Historic voting rights trial begins
Published 7:01 pm Wednesday, January 17, 2007
Trial began on Tuesday in a U.S. Justice Department lawsuit alleging that white voters have been discriminated against in majority black Noxubee County.
The lawsuit was filed in February 2005 against the Noxubee County Democratic Executive Committee, its chair Ike Brown and others.
Also named in the lawsuit is Circuit Clerk Carl Mickens, who has agreed to refrain from rejecting white voters’ absentee ballots considered defective while accepting similar ballots from black voters.
This is the first time the U.S. Justice Department is using the 1965 Voting Rights Act to allege racial discrimination against whites.
J. Christian Adams, a Justice Department attorney, pointed to some of the following reasons for bringing the action against black political leaders in the county:
— Black candidates who do not satisfy residency requirements have been allowed to run in elections in an effort to defeat white candidates for local office.

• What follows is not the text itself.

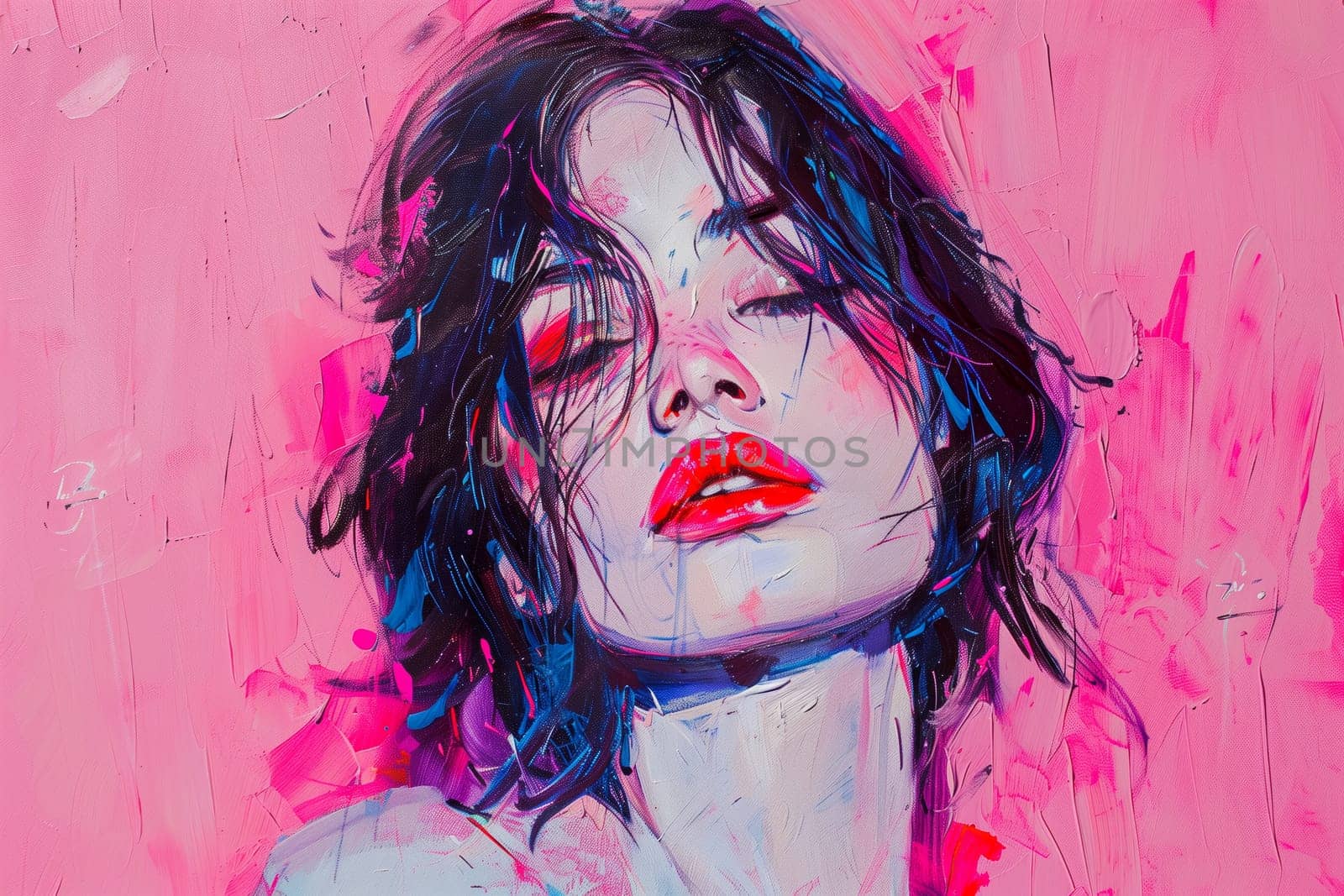 Abstract creative painting of beautiful young woman on a pink background, modern art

— White voters have been kept from participating in the Democratic primary, even those legally entitled to vote.
— Absentee ballots cast by white voters have been rejected, while ballots from black voters that contain similar or more serious defects have been accepted.
— White residents have been discriminated against in the selection of people to work at polls and in providing information about the absentee voting process.
— White candidates have been blocked from viewing the tabulation of ballots, while black candidates have been allowed to do so.
— Black residents have been allowed to violate restrictions against campaigning at the polls.
Wil Colom, attorney for Brown and the Executive Committee, said the government claims are without merits.
“My clients believe the Civil Rights struggle of the last four decades is a monument to the persistence, patience and the goodwill of African-Americans,” Colom said. “They will not allow the Justice Department to label them as villains when they were the victims.”
Noxubee County, a rural area along the Alabama line named for a Choctaw word meaning “stinking water,” has a population of 12,500, 69 percent black and 30 percent white.
The case continues today with U.S. District Judge Tom S. Lee presiding.